The William Kamket-led committee noted that Treasury did not provide them with information to show that the public had been consulted on the making of the Bill.
For example, such details as the dates and responses were lacking in the explanatory memorandum submitted in Parliament.
According to the lawmakers, the Public Finance Management (Sinking Fund) Guidelines, 2021 also contravened sections 5, 5A and the Schedule to the Instruments Act adding that a regulatory impact statement was also not submitted.
This is a blow to the Treasury as it had hoped to use the “Sinking Fund” to reduce its debt repayment burden, which has been getting heavier, with most of the taxes going to service loans.
In the first two months of the current financial year that ends in June 2022, for every Sh100 that the Kenya Revenue Authority (KRA) collected, Sh65 was used to repay both domestic and foreign debts.
The taxman collected Sh247.1 billion in taxes, with the National Treasury using Sh162.4 billion to service debts.
The fund would have been used for amortisation of liabilities, debt restructuring, and redeeming of maturing government loans.
The fund, which was supposed to be appropriated by Parliament, was also supposed to build up resources for meeting maturities of loans and securities issued in the domestic and international debt markets.
The Bill was also supposed to correct any mispricing along the yield curve, a graph that depicts how the yields on debt instruments vary as a function of the years remaining to maturity. It is a proxy for investor sentiment on the direction of the economy.

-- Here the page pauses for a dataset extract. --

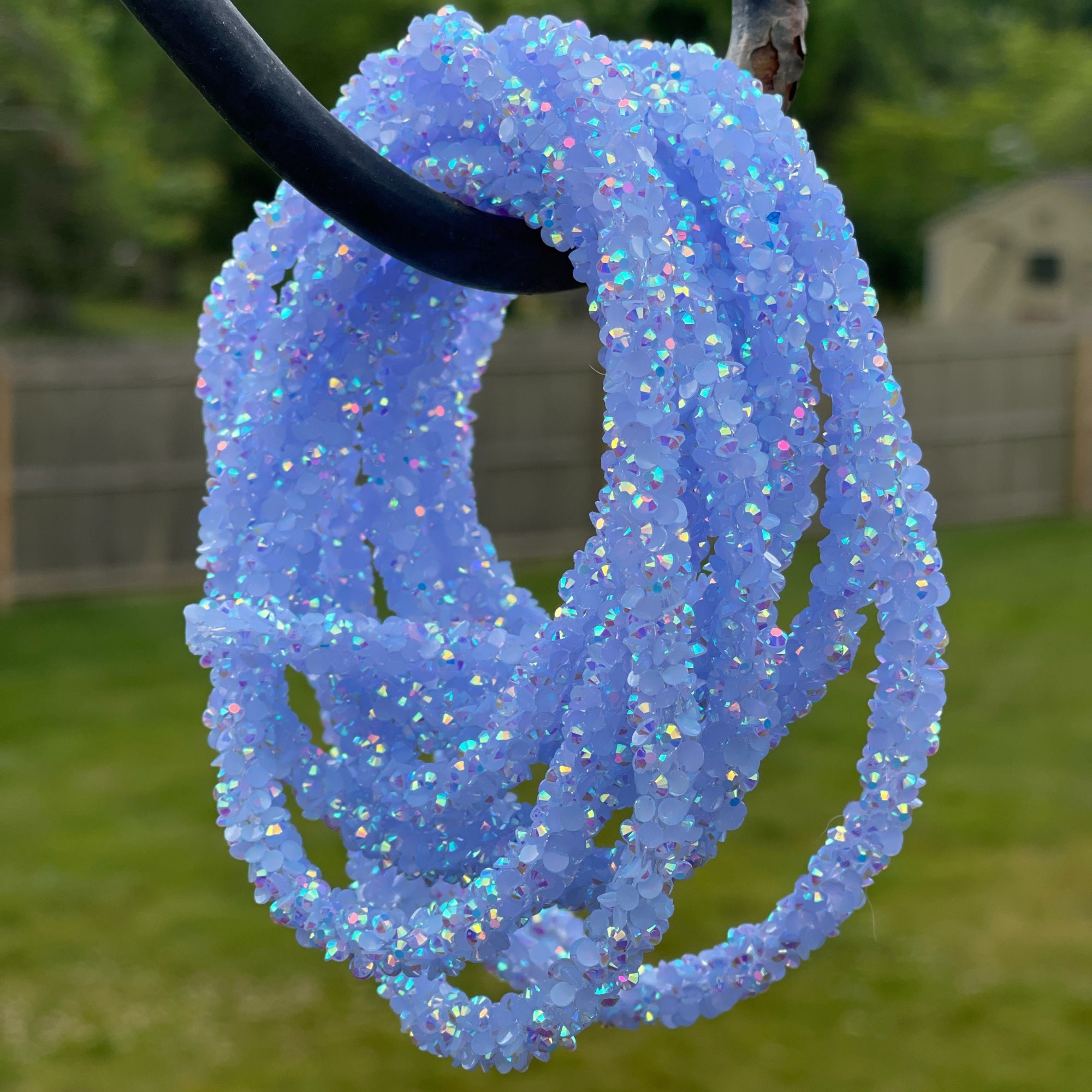 Periwinkle Glitter Rope: 8mm Craft Tubing, Sold by the Yard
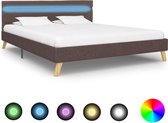 Decoways - Bedframe met LED stof taupe 160x200 cm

It would also be used to buy back the national government loan obligation in the debt market, meet the costs of switches and early redemption of national debt and meet costs associated with such loans.
The committee said the guidelines contravened a clause in the Statutory Instrument Act, with the enabling provision invoking the wrong reference as it was made under the Public Finance Management (National Government) Regulations, 2015.
The committee further explained that while the Public Finance Management Act, 2012 allowed the Treasury Cabinet Secretary to establish a sinking fund for the redemption of loans raised under the Act by the national government, this should have been done by way of affirmative resolution.
“The publication of the guidelines are, therefore, a contravention of section 13(a) of the Statutory Instruments Act (No. 23 of 2013,” said the committee.
The governance structure of the fund included an advisory committee, fund administrator, and the secretariat, who would be appointed by the CS.
The Exchequer had estimated that savings from this reform would yield savings of between four and five per cent of interest costs, which Treasury reckoned would be a significant saving for a middle-income country.
When the market is good, the government would tap cheap loans and pump them into the Sinking Fund, which would, in turn, be used to offset expensive loans and create additional fiscal space to support priority development expenditures.
Treasury had told the MPS that debt service is expected to rise over time as a percentage of revenue and the reform was, therefore, intended to address this challenge.
The Sinking Fund was also to earn income through the investment of resources in the fund.